The old-fashioned verification method of examining statutory documents has evolved into more revealing electronic inspection techniques. While humans can be relatively easily fooled by a passable forgery, machines - especially those with AI capabilities - can spot false documents rapidly and reliably. The more powerful verification systems can detect covert verification errors, such as internal checksums and specialised fonts, while almost concurrently checking for previous occurrences of an individual's photo under differing identities or appearance in AML or CFT databases.
DV is a highly promising and powerful verification tool It's a relatively complex process though, which can cause delays in delivering report results. More advanced systems such as biz.Clarency minimise or eradicate this shortcoming by background processing while other KYC requirements are being entered.
Early facial recognition techniques could be fooled by holding up a photograph of an authorised person. While most (though not all) have moved on to a more robust model, this shortcoming has given birth to an improved technique using motion video. The system analyses random gestures and speech patterns to make a positive identification. It may reference sources like AML/CFT databases, or even social media to establish identity. VI thus works best when implemented as part of a multi-factor authentication regime.

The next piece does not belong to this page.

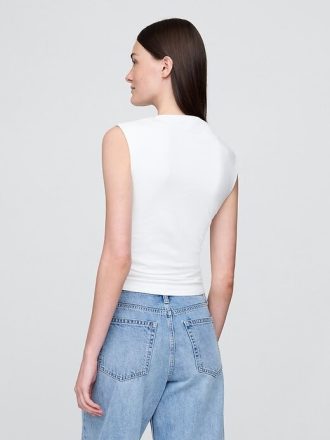 Modernes, gerüschtes, kurzes Tanktop mit Trichterhals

Every method of identity verification has shortcomings, be it an inherent vulnerability in the system itself, or incomplete penetration of the technology that facilitates it. The latterconsideration also highlights the fact that not all of the factors may be available in all of the cases under inspection. It's therefore vital that any robust verification regime must use multiple approaches in order to reach a dependable risk decision.
The barriers here are time and expense. Executing multiple queries can necessitate an increasing number of service subscriptions. And potentially more expensive is the time of a risk office,r who may be required to repeat queries across a range of login security regimes. The results then need to be aggregated and compared - a time-consuming and error-prone task when result formats may differ considerably.